His arm doesn’t drop down as far, nor come as far back. It’s much less of a whip effect throughout the delivery... but his fastball is as hard as ever. His legs have taken on the brunt of the delivery — they’re dropping lower and driving toward the plate more, look specifically at how much his drive leg, and the plant quad, hinges through the spring training pitch. Just like with hitters, driving through with the legs and hinging at the hips means all your arms have to do is follow the natural motion of the body, increasing consistency and taking stress off your elbow. Everyone’s legs are stronger than their arms, so just trust that your legs can handle the load.

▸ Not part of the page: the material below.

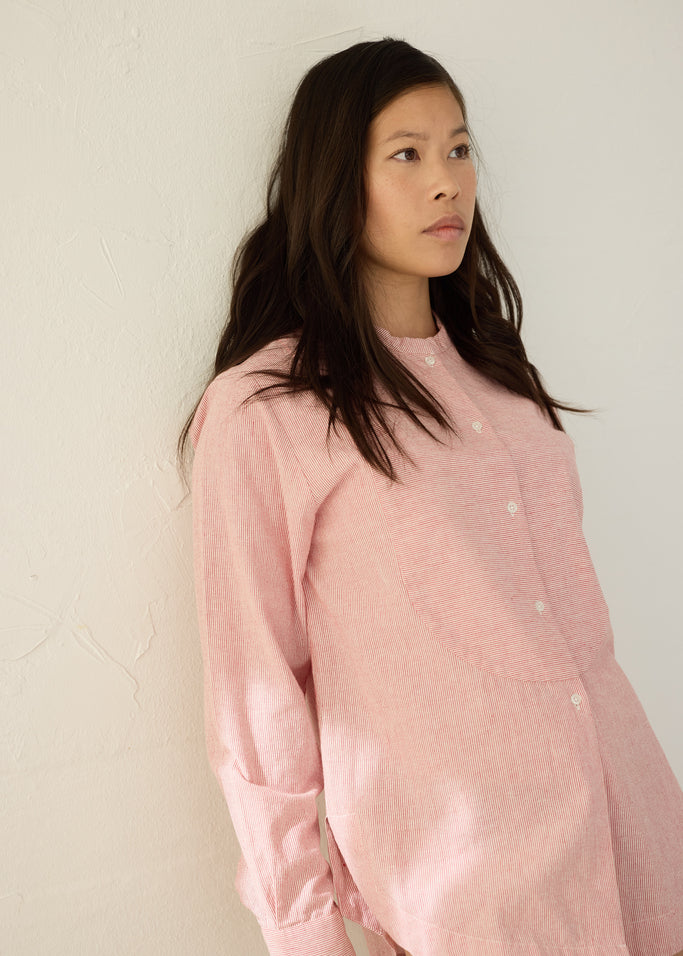 Tagan W, Skjorte - Red Hairline Stripe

You can also see these changes in the drive leg and hips from Bryan Hoch, who was thoughtful enough to Tweet all of Taillon’s batters faced yesterday:

Look, we have three innings of work from Taillon to go off of, three innings of exhibition baseball against two pretty bad clubs. But it’s one thing to look at a line score and say “eh, it’s spring, we’re not putting much stock in it”. It’s another to look at a line score, and then be able to look at the actual film of the guy pitching, and see the very deliberate changes he’s made to be a more efficient, more healthy player.

I know I started this piece talking about Roger Clemens, but if you wanted the best contemporary comp for Taillon, it’s probably Lucas Giolito:

Both guys have moved to this short arm delivery, and compensate for the power by driving with their legs. Both guys are more balanced, quicker to the plate, and taking the rotational stress off their elbows, transferring it to a much stronger part of the body.

Your legs are the key to pitching. Being able to drive off the mound, hinge the hips, and move down toward the plate give you power, control, and relieve some of the stress that throwing a baseball imparts on an arm. We’ve never been able to see just what Jameson Taillon can really do in the majors, because his old delivery just ate away at his elbow pitch after pitch. I don’t know how good he will be, but these are the kind of mechanical changes that keep players on the field throwing 180 innings a season, and that’s a really good start for a guy with Taillon’s natural talent.